Studio album by Joe Diffie
- Released: December 5, 1995
- Studio: SoundShop Recording Studios
- Genre: Country
- Length: 35:11
- Label: Epic
- Producer: Johnny Slate Joe Diffie

Joe Diffie chronology
| Mr. Christmas (1995) | Life's So Funny (1995) | Twice Upon a Time (1997) |

Singles from Life's So Funny
- "Bigger Than the Beatles" Released: November 27, 1995; "C-O-U-N-T-R-Y" Released: March 2, 1996; "Whole Lotta Gone" Released: June 22, 1996;

= Life's So Funny =

Life's So Funny is the sixth studio album by American country music artist Joe Diffie.

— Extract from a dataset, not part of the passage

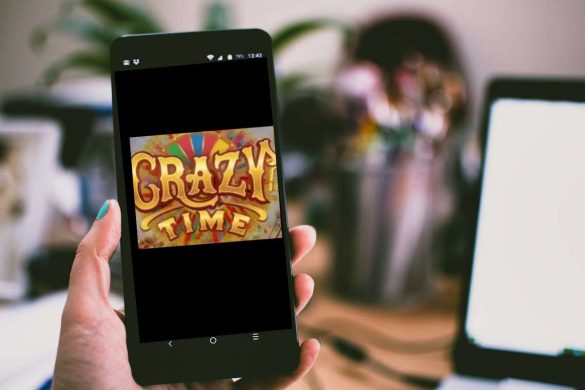 Easy Steps to Update the Crazy Time App on Android & iOS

It was released on December 5, 1995, through Epic Records. It contains the single "Bigger Than the Beatles", Diffie's last Number One single on the Billboard Hot Country Singles & Tracks (now Hot Country Songs) charts. Following this single were "C-O-U-N-T-R-Y" and "Whole Lotta Gone"; both peaked at #23. The track "Tears in the Rain" (co-written by Diffie) was originally recorded by Tim McGraw on his 1993 self-titled debut album.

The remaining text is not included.